━━ Supplied entries

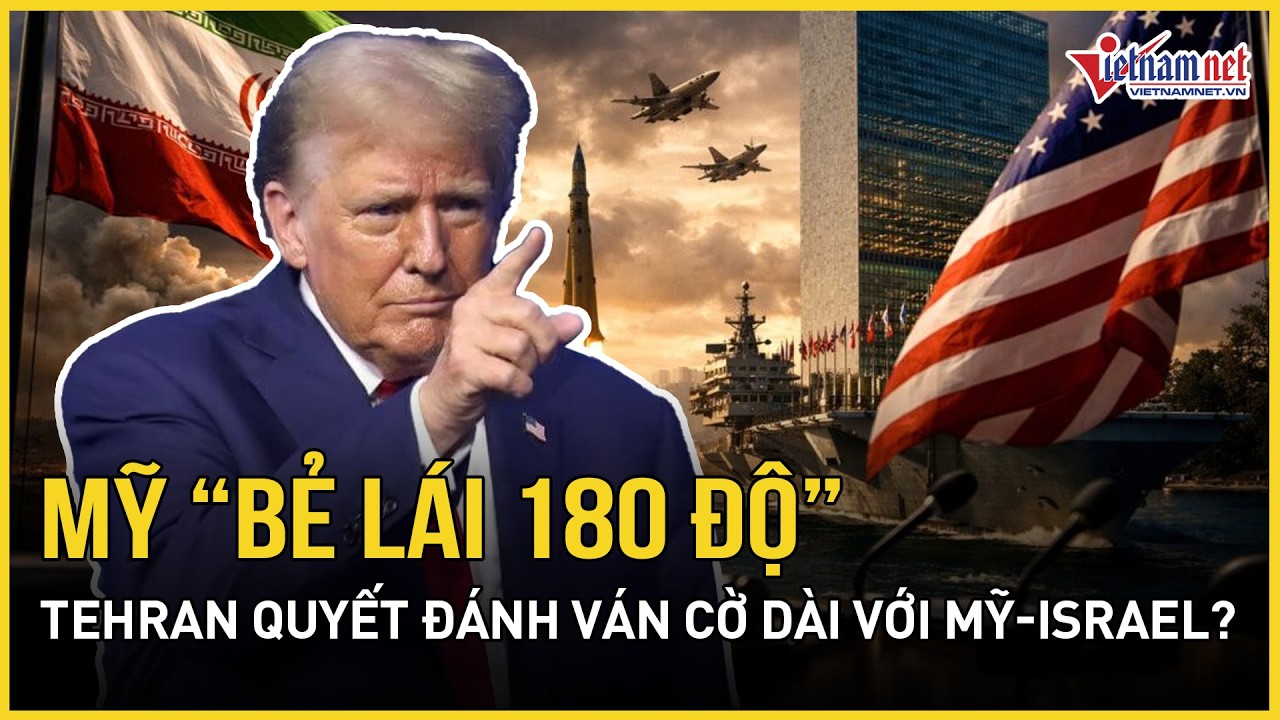 Mỹ “bẻ lái 180 độ”- 90% bệ phóng tên lửa Iran “hóa tro”, Tehran quyết đánh ván cờ dài với Mỹ-Israel?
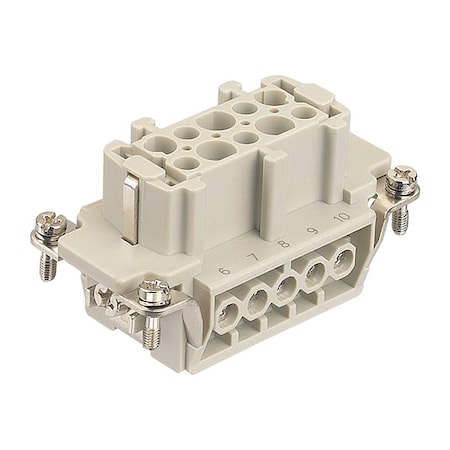 Rectangular Connector Insert, 16 A MPN:09330102701
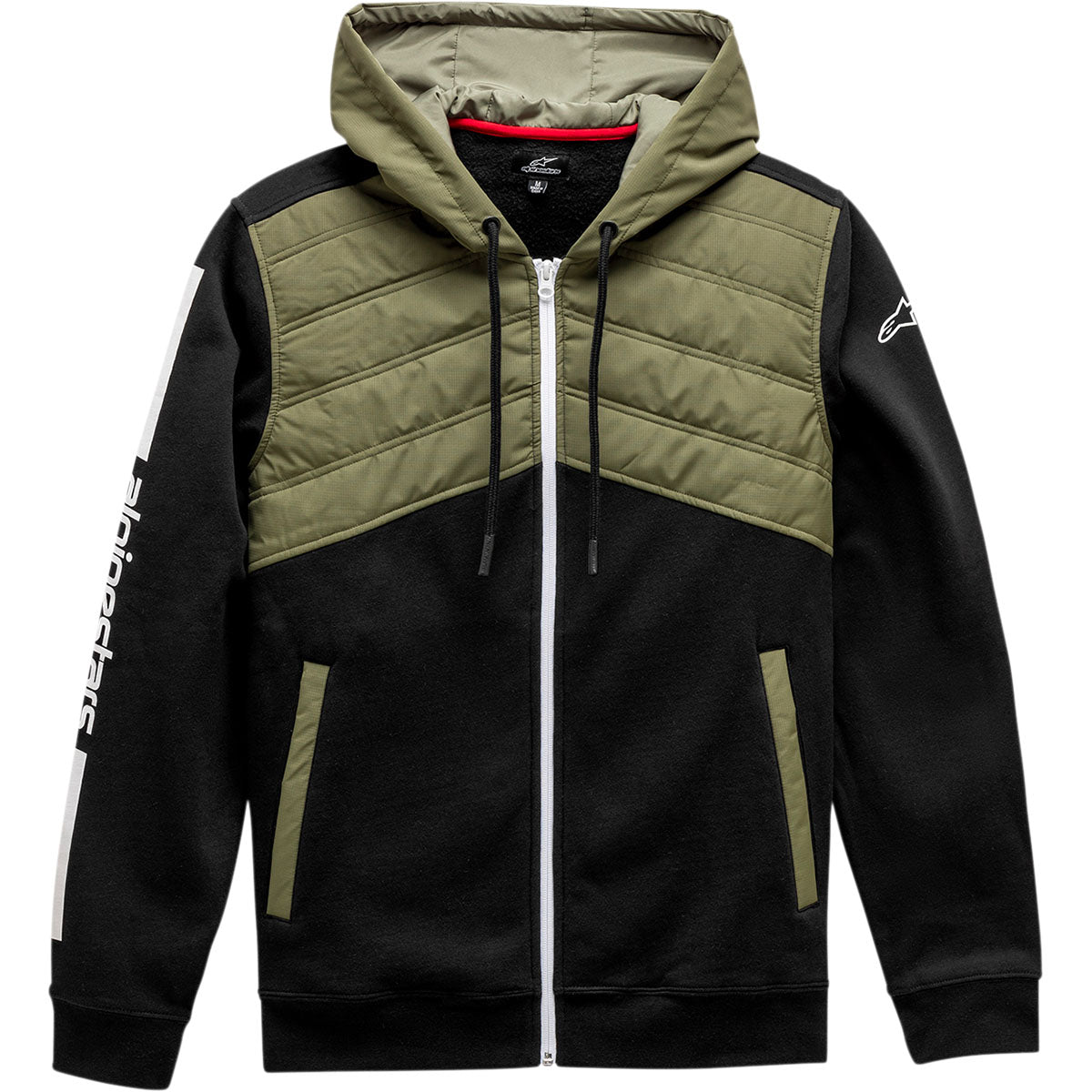 Alpinestars Alltime Hybrid Jacket - Black/Olive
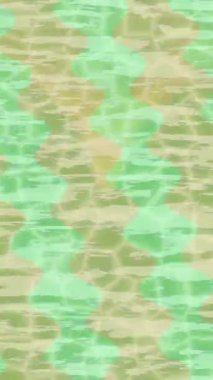 Soyut hareket desenli fütüristik video üretimi için dinamik dijital arkaplan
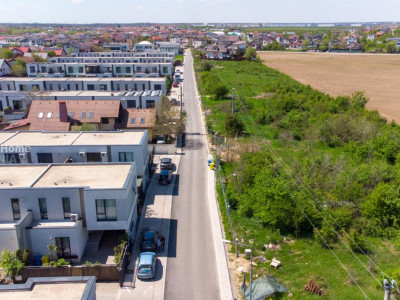 Vila - Dupex 4 Camere + Terasa Aceoperita | Mogosoaia - Chitila - Str. Bradului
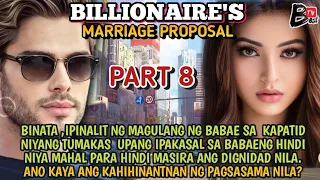 Part 8 BILLIONAIRE'S MARRIAGE PROPOSAL | #besttvstory | BEST TV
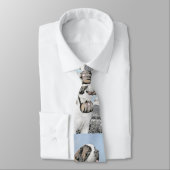 サンベルナルド絵画ズ – かわいいオリジナルドッグアート ネクタイ (タイ)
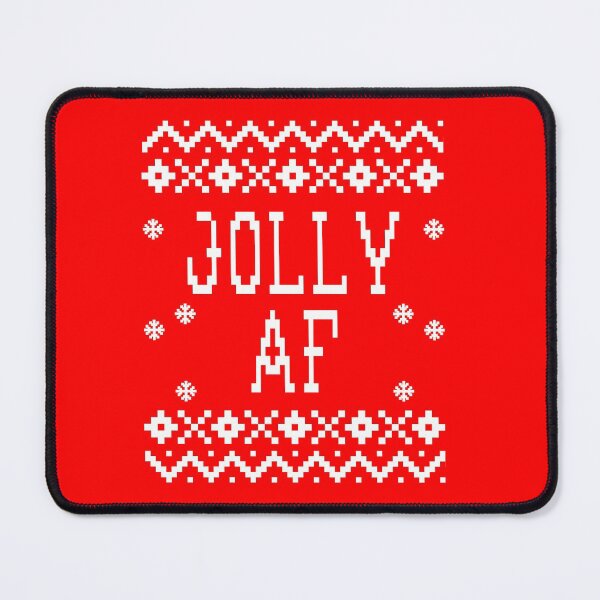 Item preview, Jolly AF designed and sold by Christmas-Tees.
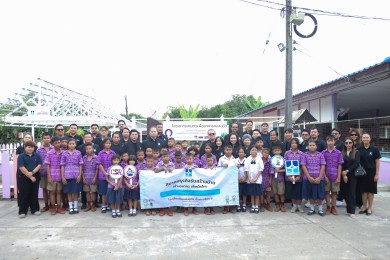 สมาคมธุรกิจรับสร้างบ้าน เดินหน้าทำ CSR ต่อเนื่องในเดือนแห่งการไว้อาลัย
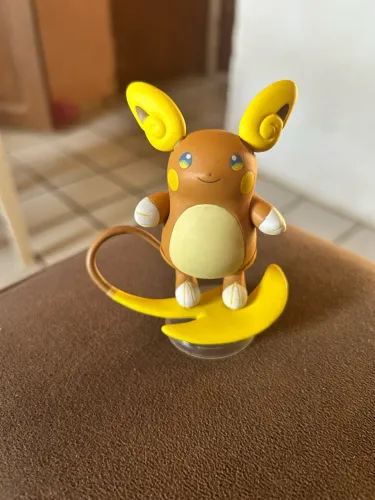 Raichu Alola form Pokémon Takara Tomy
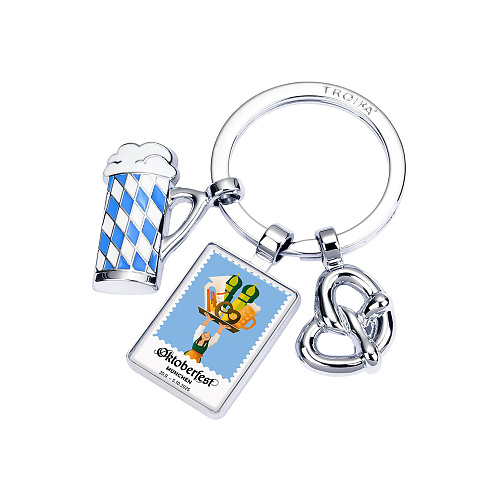 트로이카(TROIKA) 트로이카 옥토버페스트 축제 키홀더 키링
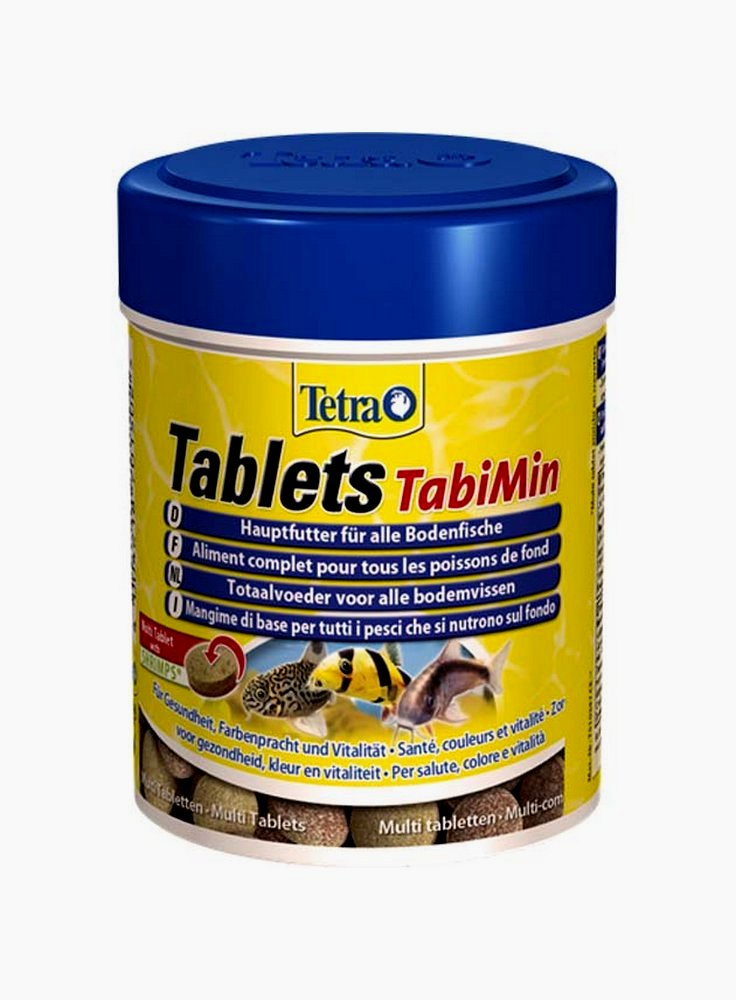 Tetra Tablets Tabimin mangime per pesci da fondo 2050tabs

━━━━

# Work instructions
Write out exactly the lines that run from the one containing "Soyut hareket desenli" to the last line of the entries above, both ends kept, pictures left out.

# Finished task
 Soyut hareket desenli fütüristik video üretimi için dinamik dijital arkaplan
 Vila - Dupex 4 Camere + Terasa Aceoperita | Mogosoaia - Chitila - Str. Bradului
 Part 8 BILLIONAIRE'S MARRIAGE PROPOSAL | #besttvstory | BEST TV
 サンベルナルド絵画ズ – かわいいオリジナルドッグアート ネクタイ (タイ)
 Item preview, Jolly AF designed and sold by Christmas-Tees.
 สมาคมธุรกิจรับสร้างบ้าน เดินหน้าทำ CSR ต่อเนื่องในเดือนแห่งการไว้อาลัย
 Raichu Alola form Pokémon Takara Tomy
 트로이카(TROIKA) 트로이카 옥토버페스트 축제 키홀더 키링
 Tetra Tablets Tabimin mangime per pesci da fondo 2050tabs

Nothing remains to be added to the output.